Geoffrey Fowler du Washington Post (le quotidien appartient à Jeff Bezos) a testé l'offre. Il en dresse un bilan contrasté. Il y a la partie technique qui connu quelques ratés mais c'est principalement l'idée de confier les clefs de sa maison à Amazon qui lui a finalement posé le plus de problèmes.
L'offre Amazon Key est composé d'une caméra domestique couplée à une serrure connectée qui peut être installée par Amazon ou par un tiers. Amazon se repose sur les serrures de spécialistes du domaine, cependant c'est uniquement son app et non celles de ces fabricants qui fonctionne avec elles. Ces serrures sont contrôlées par la caméra qui sert ainsi de hub et de poste de surveillance pour vérifier que toute l'opération de livraison se passe bien. On pourrait dire que se faire livrer sur son lieu de travail, dans une boutique ou dans les casiers d'Amazon lorsqu'on en a près de chez soi est moins contraignant, mais passons.
C'est au moment de la commande (s'il l'on est abonné Prime) que l'on peut choisir ce mode de livraison tout à fait optionnel. Le client reçoit ensuite une notification l'avertissant de la tranche horaire de venue du livreur. Une fois devant la porte, ce livreur valide sa présence auprès d'Amazon qui vérifie qu'il a bien un paquet pour cette adresse. La caméra reçoit ensuite depuis les serveurs d'Amazon l'ordre de commencer à filmer, et de notifier son propriétaire de la présence du livreur et de déverrouiller la serrure.
Geoffrey Fowler s'est fait envoyer plusieurs achats. À chaque fois, le livreur a entrebâillé la porte juste assez pour poser le colis. Ils ne sont pour ainsi dire pas rentrés dans la maison. Le livreur valide ensuite le dépôt et la caméra verrouille la serrure. Amazon assure que les livreurs qui effectuent ces livraisons "in-home" sont la crème de la crème de ceux qu'elle emploie.
À quelques reprises les choses ne sont pas passées comme prévu. Il est arrivé que la plage horaire de passage ne soit pas respectée du tout. Ou alors c'est la serrure qui a eu du mal à se verrouiller. Amazon a constaté que l'installation sur la porte (assez ancienne) n'avait pas été faite correctement. Heureusement le livreur a insisté jusqu'à ce que le verrou électronique soit bien activé.

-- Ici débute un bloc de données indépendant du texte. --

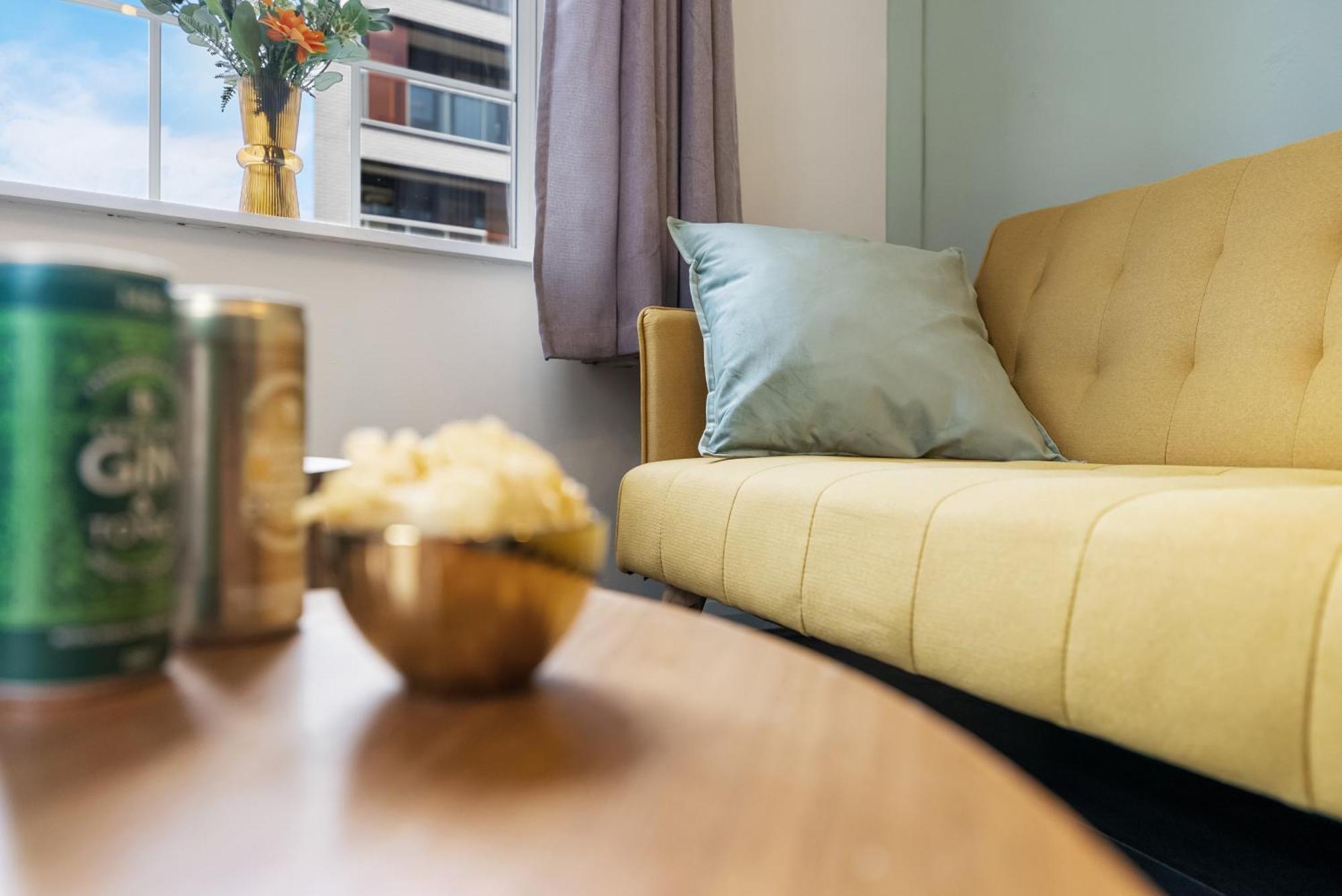 Chic 2 Bedroom Apartment Near Liverpool Street By Gold Stays London Kültér fotó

Dans l'intervalle, des failles de sécurité sont apparues dans le dispositif. L'une d'entre elles permettait, à distance, de déconnecter la caméra du réseau. Au lieu de le notifier à son propriétaire, la caméra se contentait de lui envoyer la dernière image qu'elle avait prise : celle d'une porte en apparence fermée. Comme dans un bon vieux film. Un livreur, hackeur et malintentionné, aurait pu rabattre la porte juste assez pour laisser croire qu'elle était close et, retourner dans l'appartement. Une fois hors du champ de vision il aurait pu relancer la caméra. Amazon a distribué une mise à jour qui alerte l'utilisateur lorsque la caméra est déconnectée (chose que font d'autres en standard).
Certains cas de figure sont aussi pris en compte : ce mode de livraison n'est pas possible si vous avez un animal de compagnie (qui pourrait s'échapper, profitant de l'entrebâillement de la porte) ou si le livreur entend aboyer dans la maison.
Plus que ces dysfonctionnements, c'est l'idée de confier les clefs de sa maison à Amazon qui a inquiété le testeur. Amazon nourrit de grandes ambitions pour ce service.
À l'avenir, des entreprises agréées et s'affichant sur sa plate-forme de vente pourront accéder à votre domicile de la même manière : celles de nettoyage, celles qui viennent promener les animaux et pourquoi pas les livreurs de Whole Foods Market, l'énorme chaîne de magasins bio que Jeff Bezos a acheté en juin dernier pour un peu plus de 13 milliards de dollars. Amazon promet 1 200 prestations dans 60 domaines d'activité dans les prochains mois.
« Lorsque vous mettez une serrure Amazon à votre porte, quelque chose de plus sournois se produit : Amazon prend le contrôle », prévient Geoffrey Fowler « Il veut devenir le système d'exploitation de votre foyer ».
L'informatique connectée est déjà fortement présente dans nos maisons mais à l'intérieur. Amazon Key va beaucoup loin encore et exige une confiance quasi-aveugle sinon une vraie foi dans les mérites supposés de la technologie et de ceux qui la portent. À l'issue de son test, le journaliste et sa famille ont décidé de retirer la caméra et le verrou connecté. « Amazon Key m'ôtait toute inquiétude quant aux risques de vols de mes livraisons. Mais la contre-partie est que cela donne plus de contrôle sur votre vie à une entreprise qui en a déjà probablement trop. »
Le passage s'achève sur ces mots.